● **EXERCISE GOAL**
All of the lines below are to be transcribed faithfully, with pictures excluded from the copy.

● **SOURCE MATERIAL**
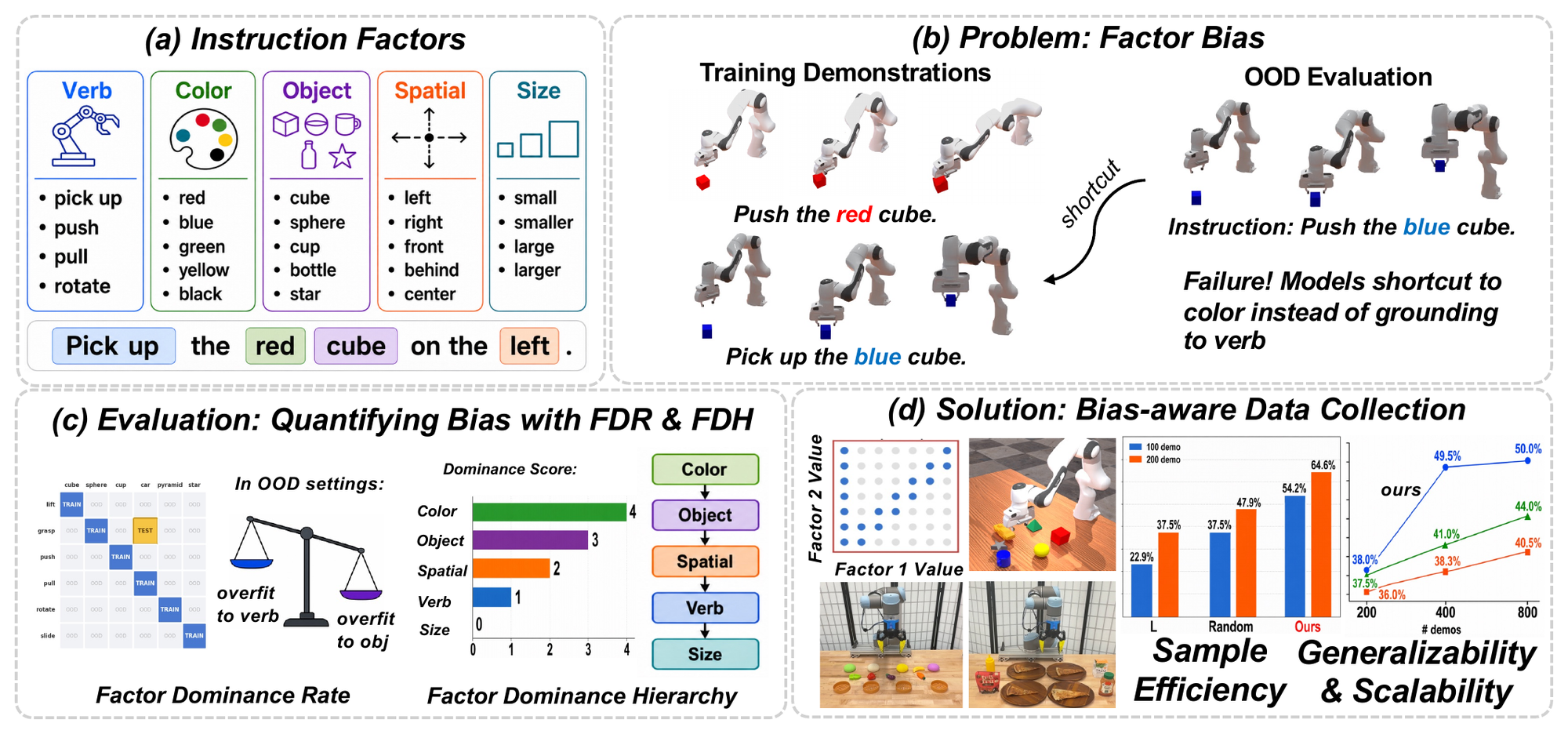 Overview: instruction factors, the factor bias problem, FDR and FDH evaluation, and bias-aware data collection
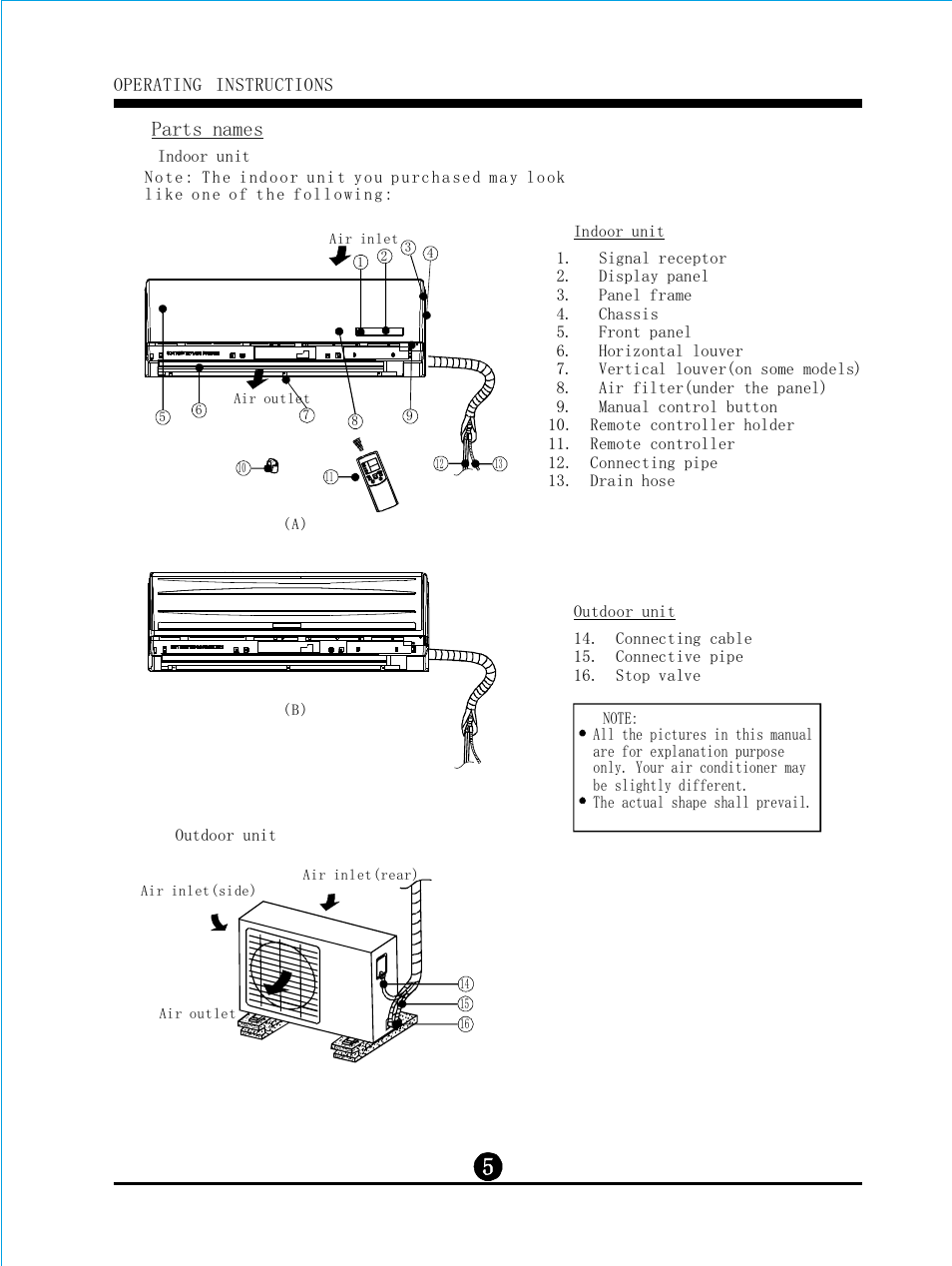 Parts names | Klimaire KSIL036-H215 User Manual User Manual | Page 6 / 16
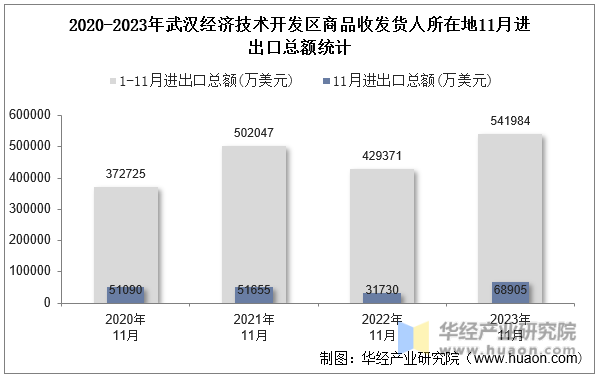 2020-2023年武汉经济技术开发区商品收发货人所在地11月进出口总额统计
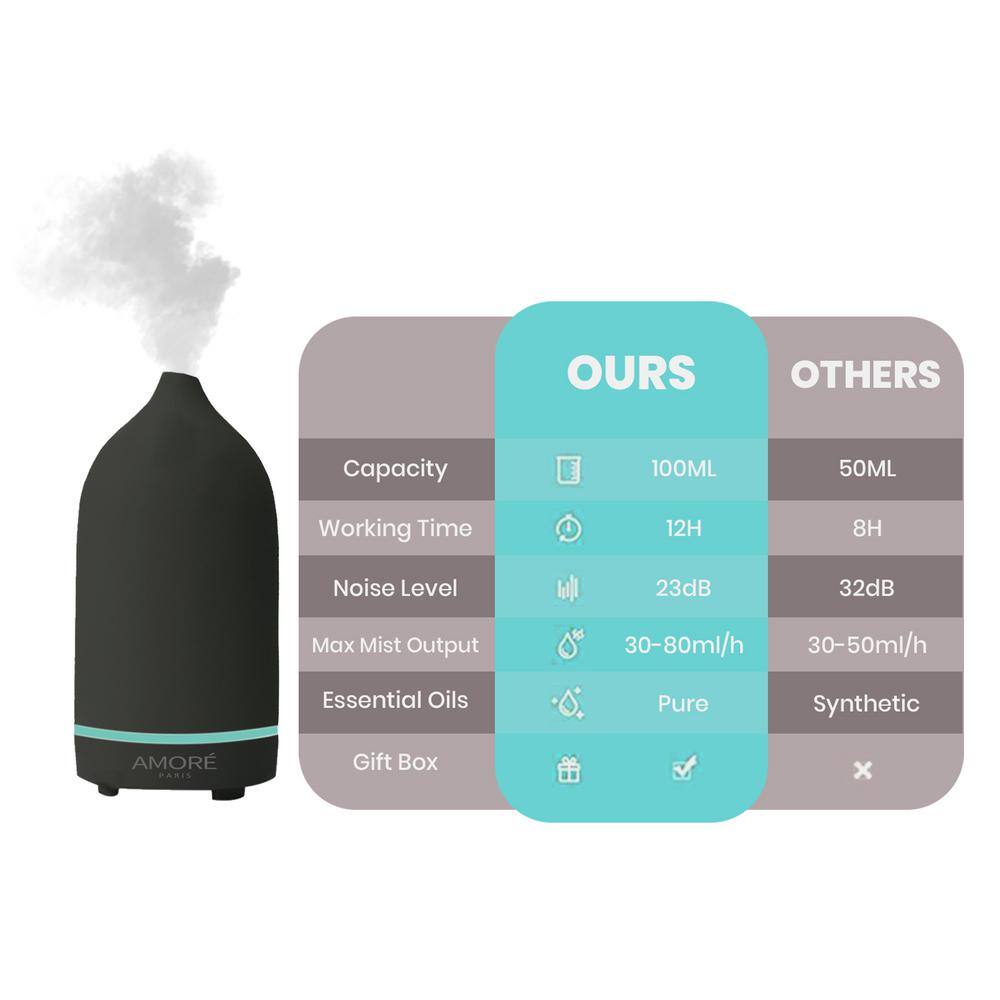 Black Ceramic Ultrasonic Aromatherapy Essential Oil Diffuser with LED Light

● **WRITTEN ANSWER**
 Overview: instruction factors, the factor bias problem, FDR and FDH evaluation, and bias-aware data collection
 Parts names | Klimaire KSIL036-H215 User Manual User Manual | Page 6 / 16
 2020-2023年武汉经济技术开发区商品收发货人所在地11月进出口总额统计
 Black Ceramic Ultrasonic Aromatherapy Essential Oil Diffuser with LED Light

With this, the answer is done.